Exercise description
Could you restate the data below word for word, without its pictures?

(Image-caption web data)
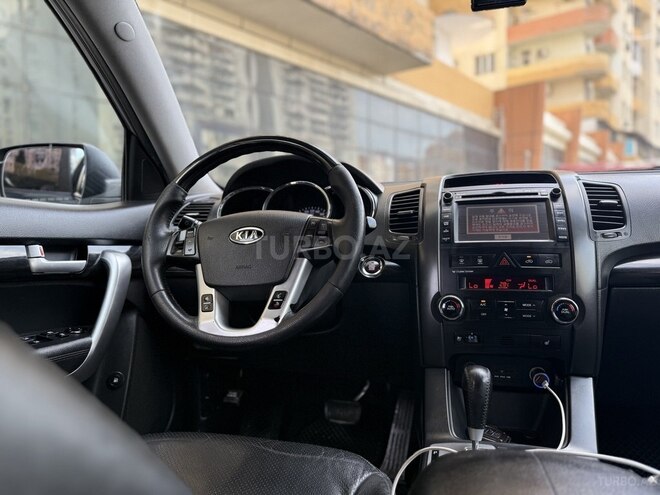 Kia Sorento 2010, 810,000 km - 2.2 l - Bakı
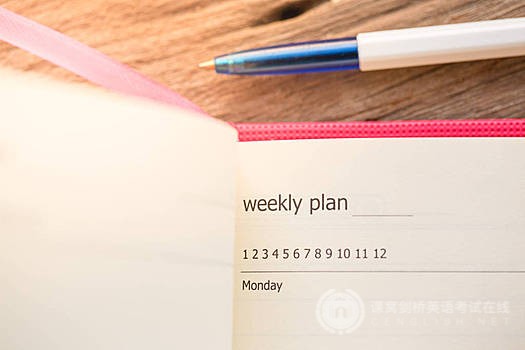 2020PET英语阅读完形填空模拟练习5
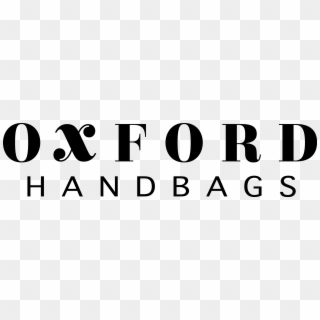 Oxford Handbags - Circle Clipart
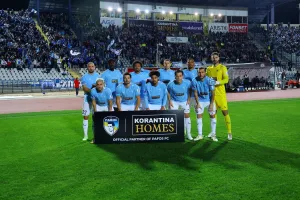 Κάλπη... για τον κορυφαίο της Πάφος FC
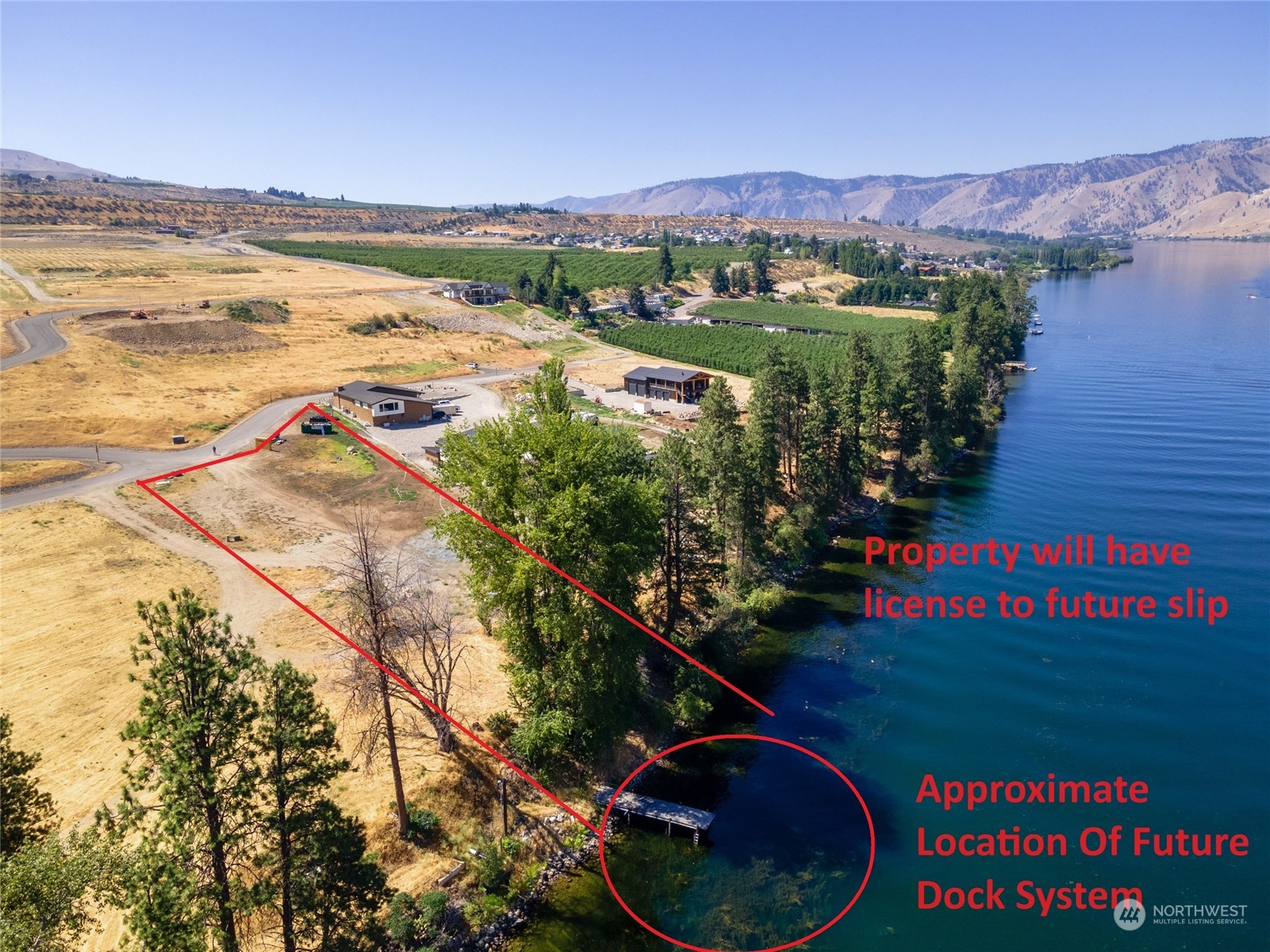 80 Tunnel View Drive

Reply
 Kia Sorento 2010, 810,000 km - 2.2 l - Bakı
 2020PET英语阅读完形填空模拟练习5
 Oxford Handbags - Circle Clipart
 Κάλπη... για τον κορυφαίο της Πάφος FC
 80 Tunnel View Drive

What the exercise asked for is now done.